При виде этой улыбки — кривой, явно неискренней, в душе Бабия поднялась прежняя неприязнь. Пересиливая себя, он ответил:
— Да, много. — Бабий не знал, с чего начать разговор, и обрадовался теме, предложенной собеседником. — Ты изменился, постарел.
— А ты, думаешь, нет? — воскликнул Дасько фамильярно шутливым тоном. — Годы не красят.
— Не красят, — подтвердил художник. — Годы и горе.
Глаза Бабия, мгновенно выражавшие каждый оттенок мысли, стали грустными.
— Горя много, — не замедлил подхватить Дасько. — На всей нашей земле горе.
— На всей нашей земле? — удивился Бабий. — Вот с этим я не соглашусь.

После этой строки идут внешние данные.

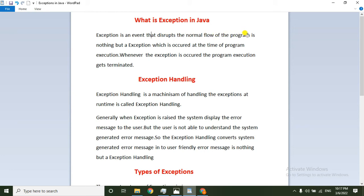In general, we compile and execute the Java program in the JVM. The JVM executes line by line. For example, if our program has 10 lines of code, the controller executes the first line, then the second line, then the third line, up to 10 lines.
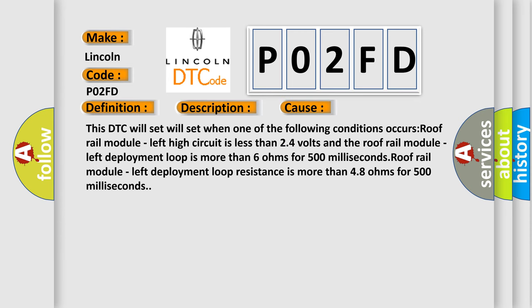This DTC will set when one of the following conditions occurs: Roof rail module left high circuit is less than 24 volts and the roof rail module left deployment loop is more than 6 ohms for 500 milliseconds. Roof rail module left deployment loop resistance is more than 48 ohms for 500 milliseconds.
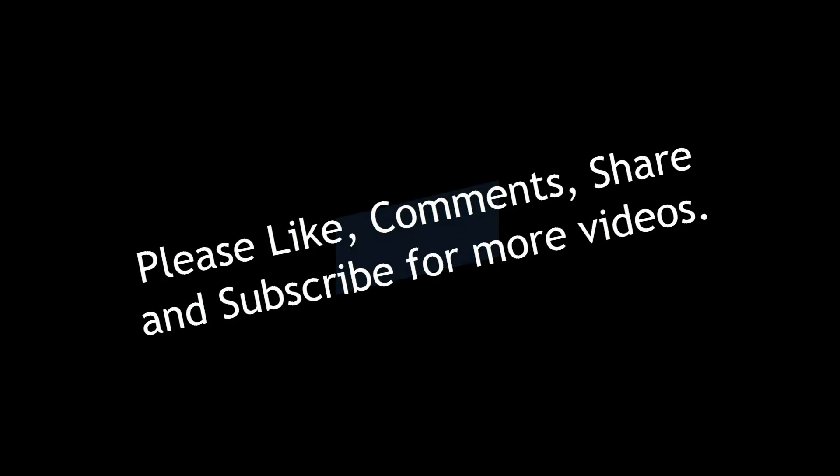Please like, comment, share, and subscribe for more videos. Thank you.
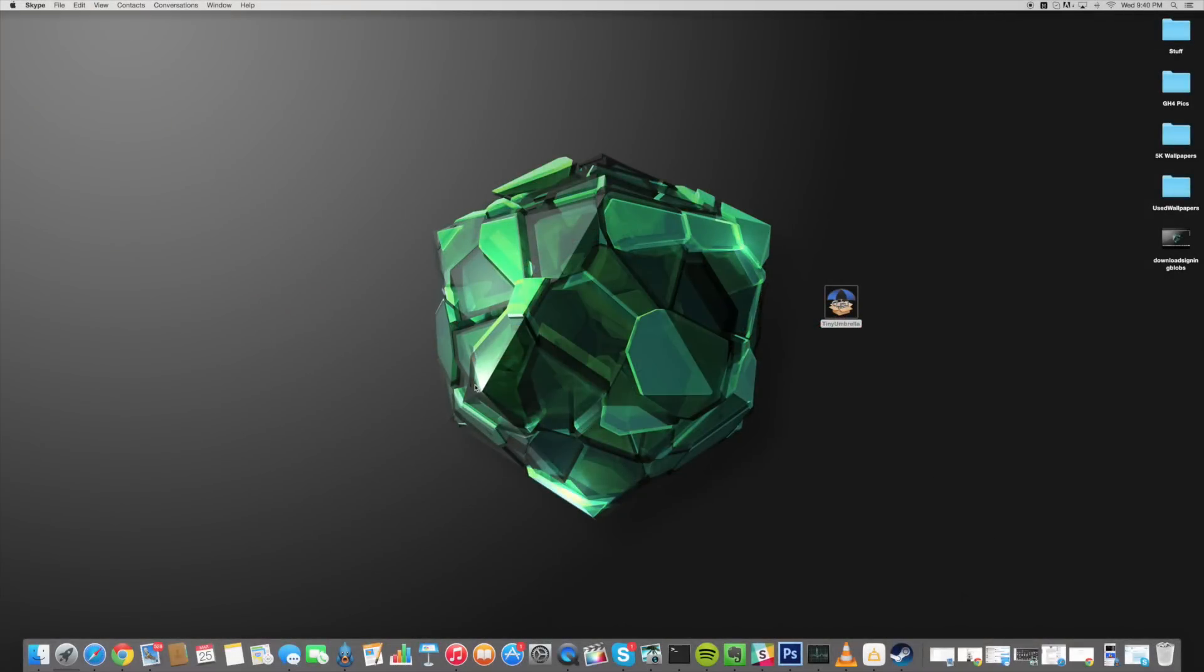What's up guys? This is iTweeks here and today I'm going to be showing you how to save SHSH blobs that Apple isn't necessarily signing.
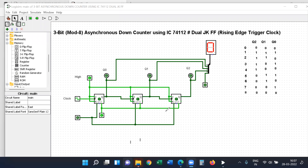Hello guys. In this video I will explain how to simulate the design of a three-bit asynchronous down counter using IC 74112 with the help of rising edge triggered clock pulse. In the last video we have done asynchronous up counter with the falling edge triggered clock pulse. Now we are doing down counter with the rising edge using IC 74112.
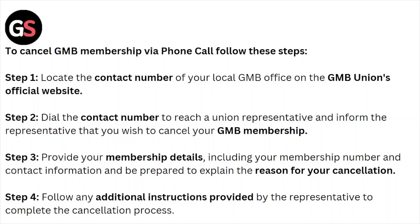Dial the contact number to reach a union representative and inform them that you wish to cancel your GMB membership. Provide your membership details including your membership number and contact information, and be prepared to explain the reason for your cancellation. Follow any additional instructions provided by the representative to complete the cancellation process.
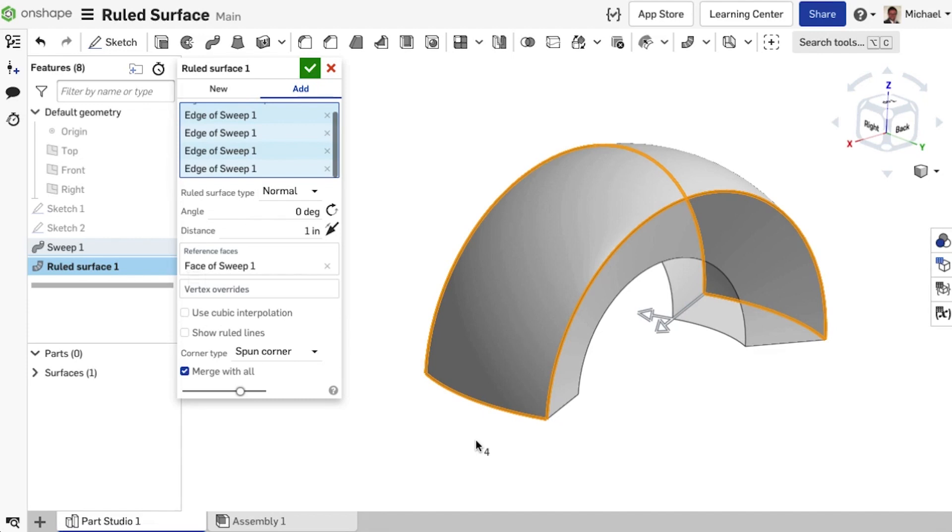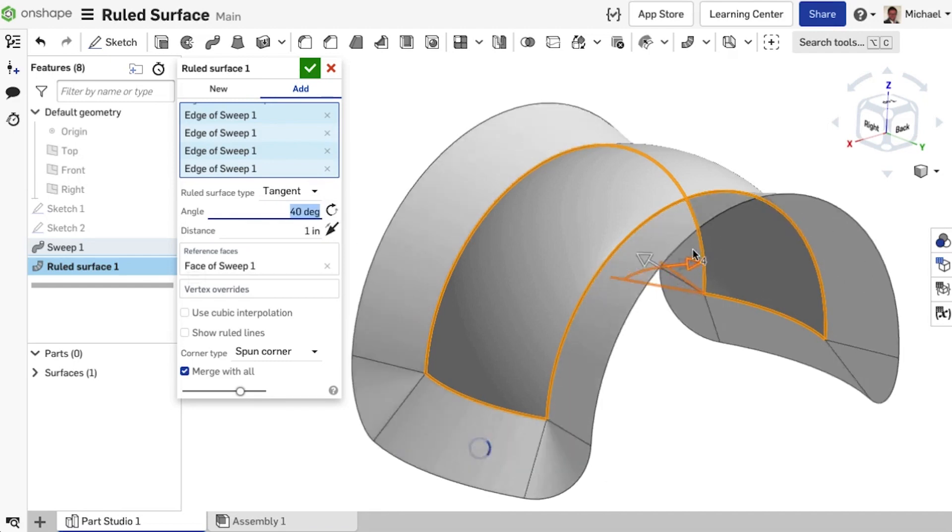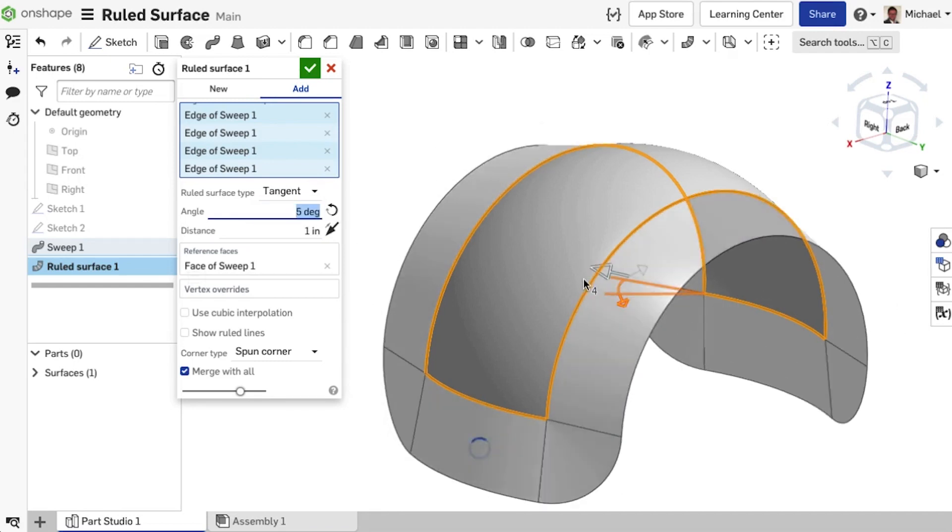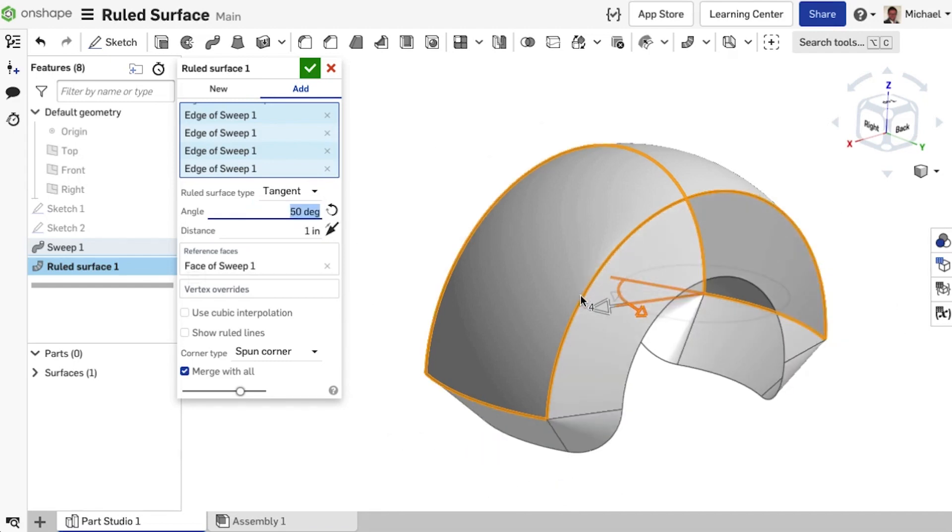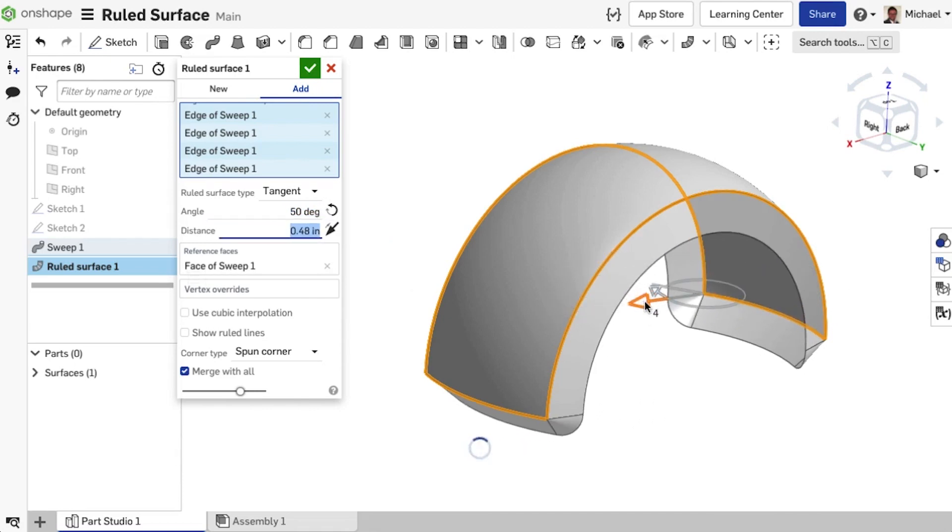You have the option to choose from multiple surface types like Normal, Tangent, or create a surface which is aligned or angled from a selected direction. Specify the angle and length of the surface in relation to the selected edges and choose a corner type.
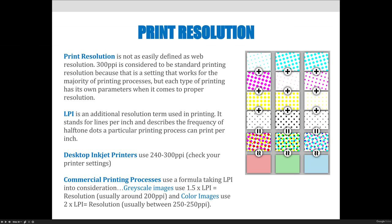Desktop inkjet printers, like a photo printer that you might want to print on, use between 240 and 300 PPI, and you'll need to check your printer settings to know what your resolution should be.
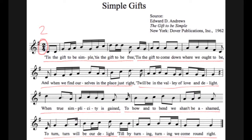The next thing you're going to want to do is identify the bar lines, which are the vertical lines that separate different measures. There will be a bar line at the beginning of each measure as well as one at the end. What you will want to do is identify and highlight the first measure line or bar line at the beginning of each phrase.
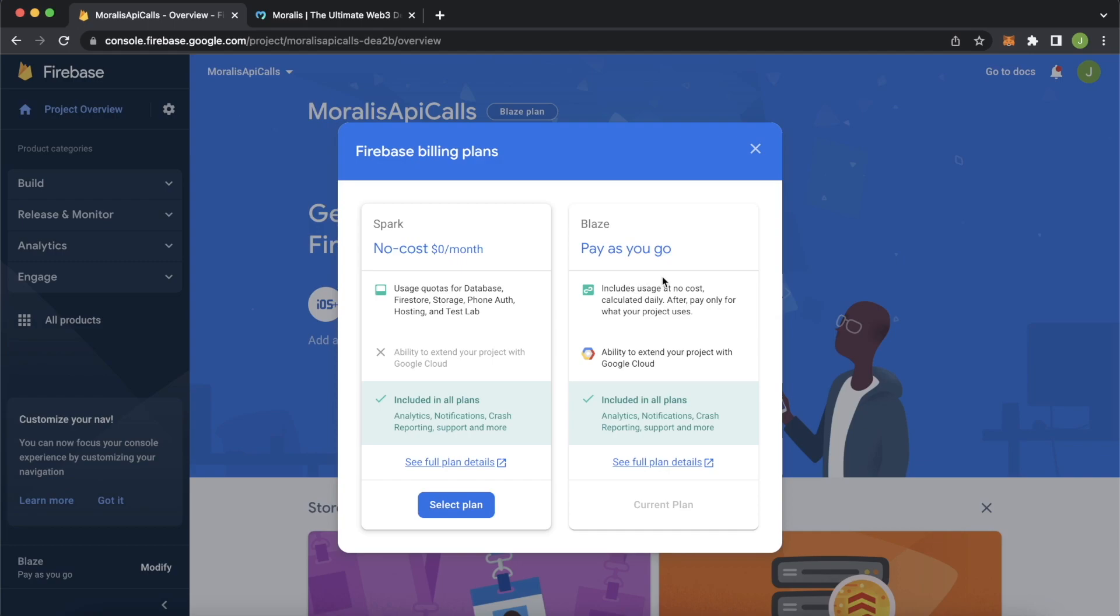Then go ahead into the bottom over here where you can modify your plan from the spark plan to the blaze plan because we'll be using the secret manager API which requires you to be on the blaze plan. So that's why we have to upgrade to the blaze plan.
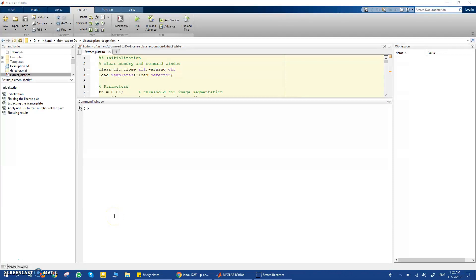Hi everyone. In this video I want to show you my code to detect, segment, and read the license plate of a car using MATLAB. When I first started working on this project I found a lot of codes that were very helpful and good on the internet, but they were always missing one thing.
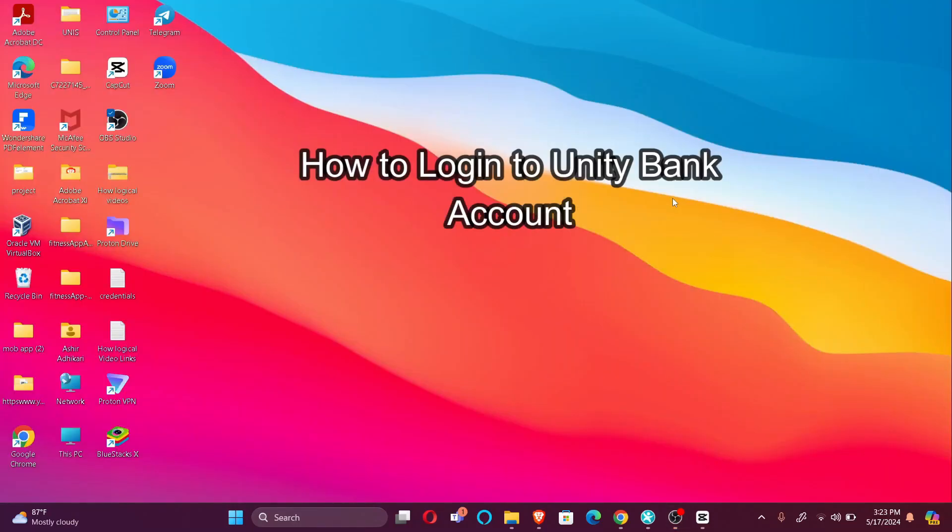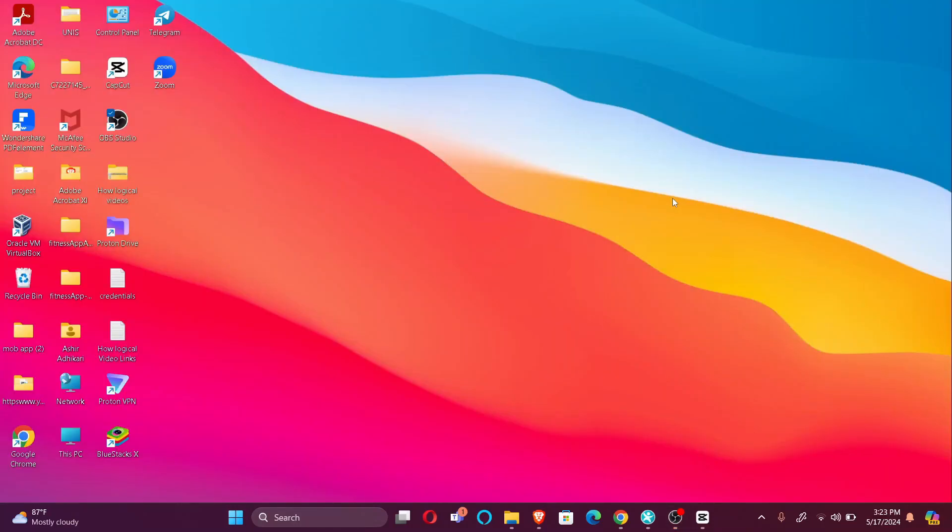Hi guys, welcome back to our channel How to Guide. In today's video, I'm going to show you how to log into your Unity Bank account. So without further ado, let's jump right into the video.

Наоборот, — посмотри, как быстро восстанавливается всё, что было разрушено войной. А будет еще лучше.
Говоря, художник сразу оживился. Грусти как не бывало в его глазах, они блестели совсем юношеским задором. Ярослав придвинулся ближе к Курепе и быстро, как бы боясь, что его прервут, стал рассказывать.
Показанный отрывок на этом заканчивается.